Writer/director Edgar Wright (SHAUN OF THE DEAD) delivers the kind of summer movie you hope for – action-packed, light, with a bit of humor – in BABY DRIVER. Car chases and a non-stop jukebox music soundtrack help drive this highly entertaining flick, which shares its title with a Simon and Garfunkel song. This delightful summer escape has the extra bonus on not being a sequel, prequel, re-make or re-boot, just an original story.
Ansel Elgort (THE FAULT IN OUR STARS) plays Baby, a get-away driver with ever-present earbuds and mad driving skills to a constant soundtrack. His boss Doc (Kevin Spacey, ironically smirking as usual) pairs Baby with a series of criminal teams for bank robberies.
Baby suffers from tinnitus as a result of a childhood car accident that killed his parents, which he copes with by constantly listening to music recorded on an iPod or even old cassettes. While he looks lost in music, he is sharp as can be and takes in every detail. Beside his own soundtracks, he also makes his own audio-mix songs in the small apartment he shares with Joseph (CJ Jones), an older deaf man in a wheelchair who raised the orphaned kid.
When Baby meets pretty waitress Debora (Lily James, who played Rose on BBC’s Downton Abbey), they bond over music and Baby starts to re-think his career in crime. But Doc has a new kind of heist in the works, bringing Baby together with a loose-cannon named Bats (Jamie Foxx) and criminal couple Buddy (Jon Hamm) and Darling (Eiza Gonzalez).

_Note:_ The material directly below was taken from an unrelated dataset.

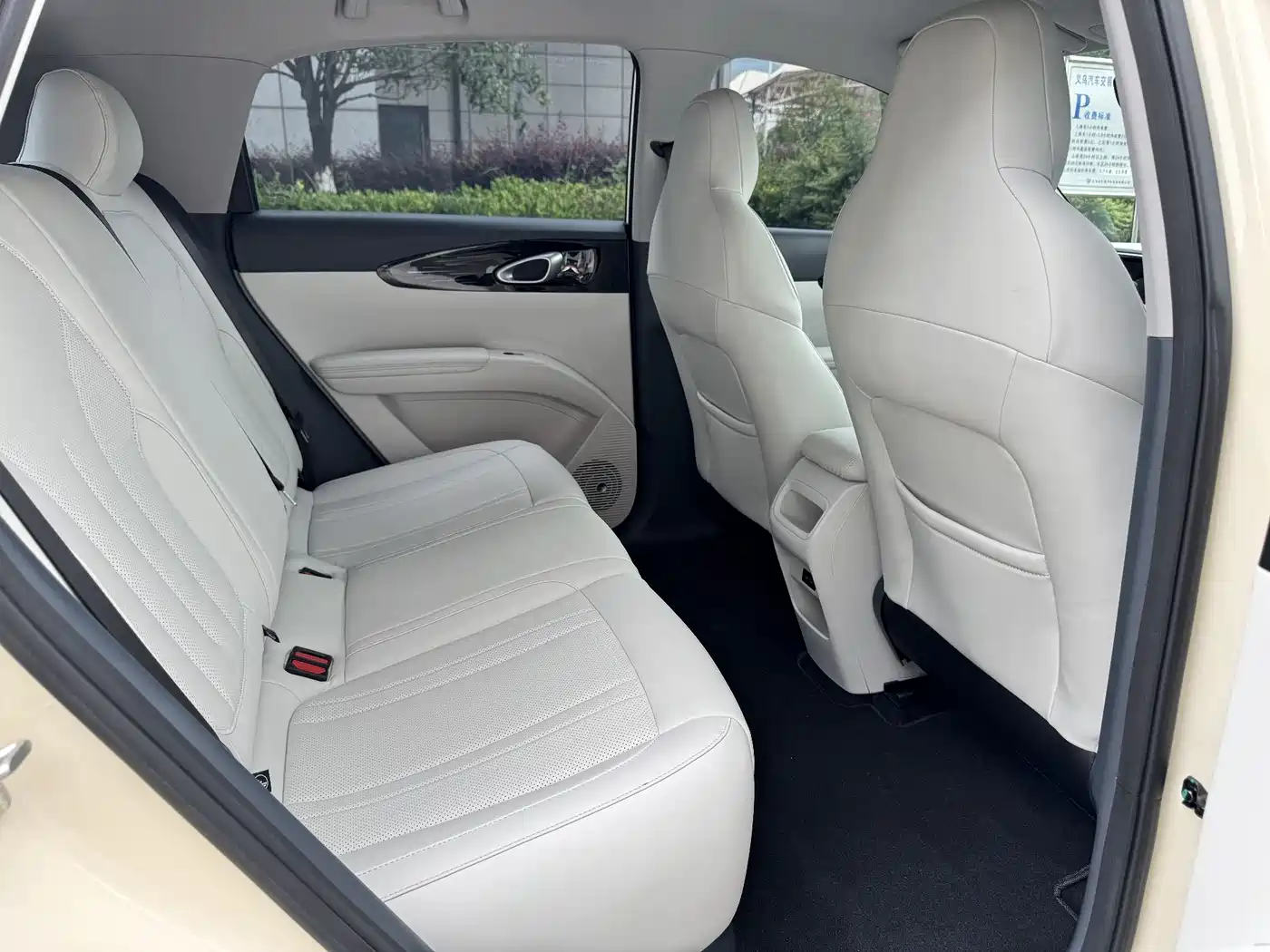 Geely Galaxy Starry Wish 2025 310km Dream Edition фото 10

British writer/director Edgar Wright has built a reputation, among film buffs at least, for successfully combing comedy and action. He paired with co-writer/actor Simon Pegg for the comedy/horror hit SHAUN OF THE DEAD, followed by HOT FUZZ and THE WORLD’S END, a series known as the Three Flavors Cornetto Trilogy for a favorite British frozen treat that appears in all three movies. In SCOTT PILGRIM VS THE WORLD, Wright mixed video games and fantasy for the plot. In BABY DRIVER, the mix is music and car chases.

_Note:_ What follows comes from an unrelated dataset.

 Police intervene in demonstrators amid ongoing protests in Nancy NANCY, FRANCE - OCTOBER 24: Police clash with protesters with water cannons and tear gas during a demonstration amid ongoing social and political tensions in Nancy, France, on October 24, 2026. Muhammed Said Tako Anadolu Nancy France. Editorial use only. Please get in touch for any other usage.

It is a combination that really works for action entertainment, the kind of light, escapist film audiences often seek in the heat of summer. By adding a good dose of humor and a winning cast, BABY DRIVER fills that popcorn-munching bill in satisfying, and fun, style.
Ansel Elgort and Lilly James are perfect as the young couple. Elgort has enough acting chops to carry the lead role, as well as youth and appeal needed. Lily James is winning as Debora, and we are as take as Baby is by her sweetness. The supporting cast are as much fun as the romantic pair. Jamie Foxx gets to play a really nutty, threatening character, Bats, who is indeed batty as well as highly dangerous. Playing the wildly unpredictable Bats lets Foxx show off some acting skills he does always get to use. Jon Hamm matches him scene for scene, playing an intriguing suave criminal, as if Don Draper stepped out of TV’s “Mad Men” and turned to a life of crime, with Gonzalez’s Darling playing the perfect mix of eye-candy and action teammate. Kevin Spacey does his usual but highly effective turn as the ironic, sardonic Doc, who has a fondness for his gifted young driver.

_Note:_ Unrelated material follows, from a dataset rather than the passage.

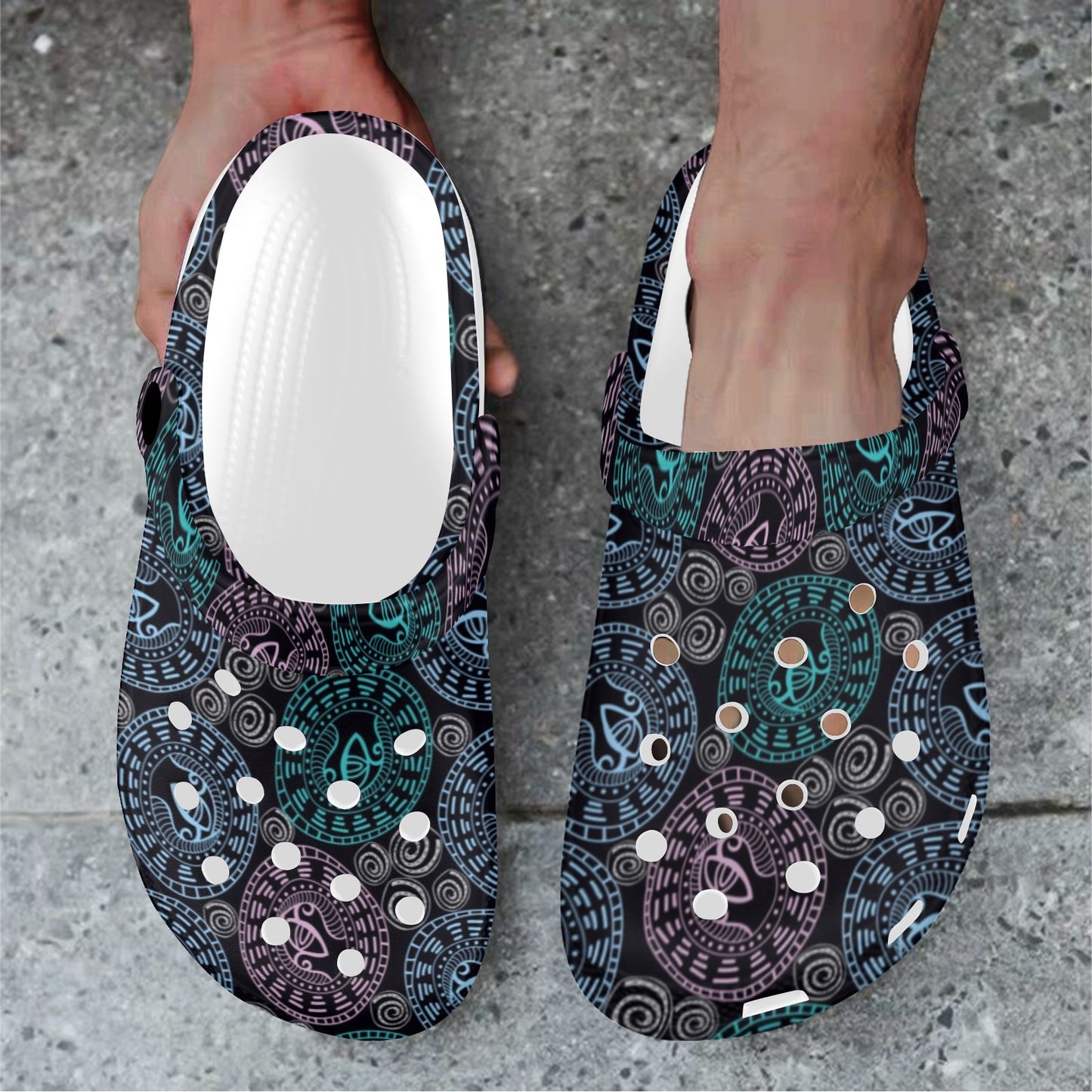 Eye of Horus Ethnic Pattern Unisex Clogs Shoes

There is not much to criticize in this light summer distraction. Still, those who loved Wright’s horror and science fiction movies won’t find those themes in BABY DRIVER, which instead draws on the car chase action film genre. Those who really loved SCOTT PILGRIM might not find this different direction from Wright to their tastes.
But really, what could be more summer time than car chase movies? If car chase movies, set to a killer soundtrack, get your motor running. head out the the cinema for this one. It has the goods for pulse-elevating chase footage. Add in a terrifically energetic soundtrack with songs like…plus crazy, charismatic characters thanks to the strong supporting cast ,and a good dose of humor and romance, and it adds up to a summer movie sweet spot. Those looking for summertime escape that does not involve comic books, robots or continues an earlier movie will get their action movie fix with the BABY DRIVER’s joy ride.